La patente di capace la dà il padrone al servo fedele, tutti gli altri sono inetti. Per costruirsi un curriculum da esperto bisogna servire, poiché chi agisce in piena libertà e non è portavoce di nessuno, non ha accesso ai lavori che costruiscono carriere. I lacchè sono sempre competenti, invece i liberi sono incapaci, scappati di casa. No, chi si reca al voto non deve giudicare le “competenze” (non potrebbe), ma deve giudicare l’aderenza al mandato, la fedeltà all’interesse pubblico. Quando esplose tangentopoli, mentre stavo pontificando in una sala d’attesa sul nuovo corso politico impresso dai magistrati e sugli altarini che i giudici avevano scoperto, una signora intervenne dicendomi: “Ma noi lo sapevamo anche prima”. Già, lo sapevamo anche prima. Ma avevamo fatto finta di niente: avevamo voluto sperare fino alla fine che quei ladri stessero facendo il nostro bene.

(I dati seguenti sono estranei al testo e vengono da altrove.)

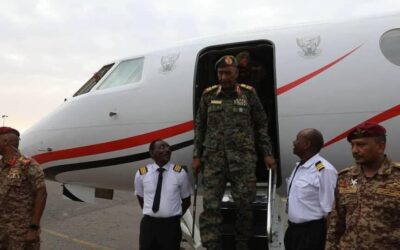 السودان: البرهان يصل إلى الخرطوم للمرة الأولى منذ اندلاع الحرب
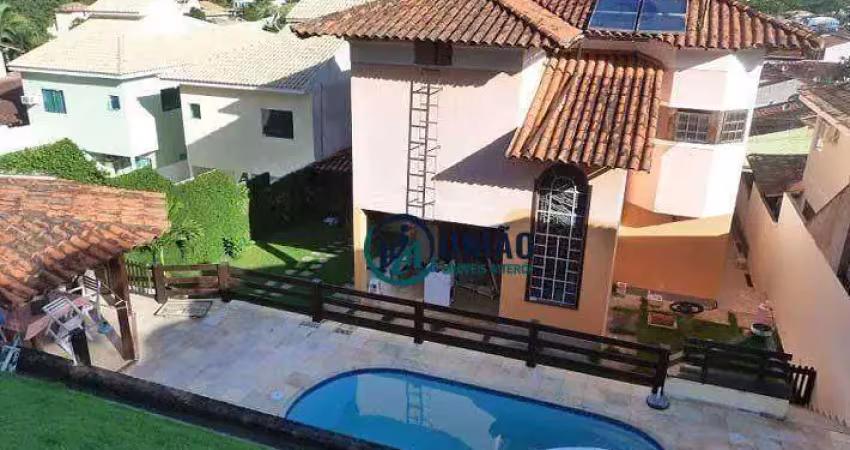 Casa com 3 quartos à venda, 205 m² por r$ 1.500.000 - itaipu - niterói/rj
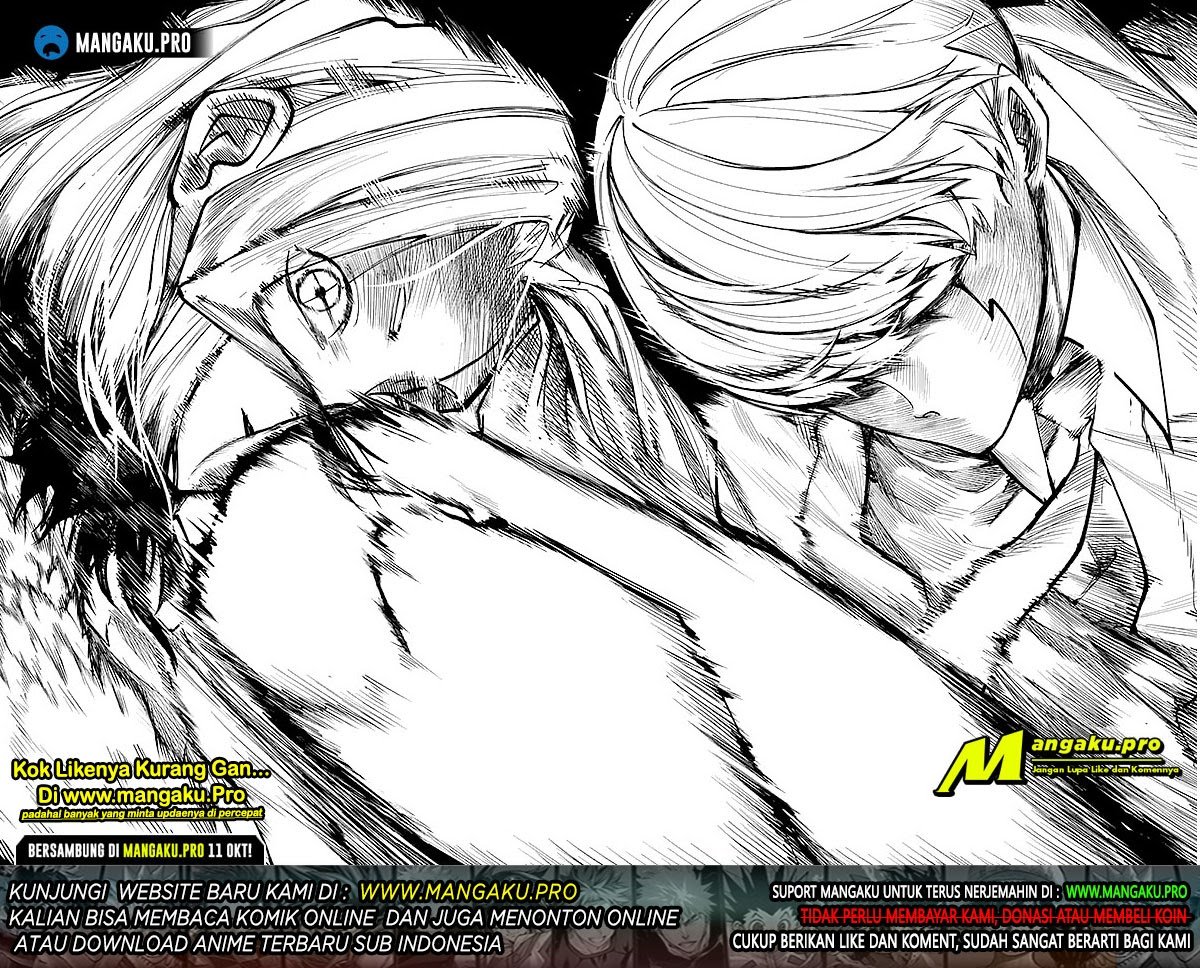 Mashle: Magic and Muscles Chapter 33 - halaman 19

Domenica, soprattutto a Roma, cosa si crede di guadagnare votando quelli di prima? Stiamo forse aspettando che una magistratura indolente e servizievole faccia il lavoro per noi? Non li vediamo con i nostri occhi quelli che pensano al bene privato ai danni della collettività? Non capiamo da noi la direzione e il senso della politica dell’ultimo quinquennio? Le qualità politiche e amministrative sono funzione del mandato popolare. Il cambiamento non è istantaneo: è lento, progressivo, ostacolato dai nemici, quegli stessi che ora vogliono giudicare le “capacità”, cioè la fatica per sfuggire al sabotaggio che un intero sistema fa alla volontà popolare. I rappresentanti del popolo devono prendersi tutto il tempo di cui hanno bisogno per fare il bene comune. Altrimenti verranno gli altri, sostenuti dalla dittatura mediatica. E a noi, innamorati del nemico, ci toccherà la profezia di un Francesco II al comandante della nave in partenza per Gaeta: “…i napoletani non hanno voluto giudicarmi a ragion veduta; io però ho la coscienza di avere fatto sempre il mio dovere, il Nord non lascerà ai meridionali neppure gli occhi per piangere.”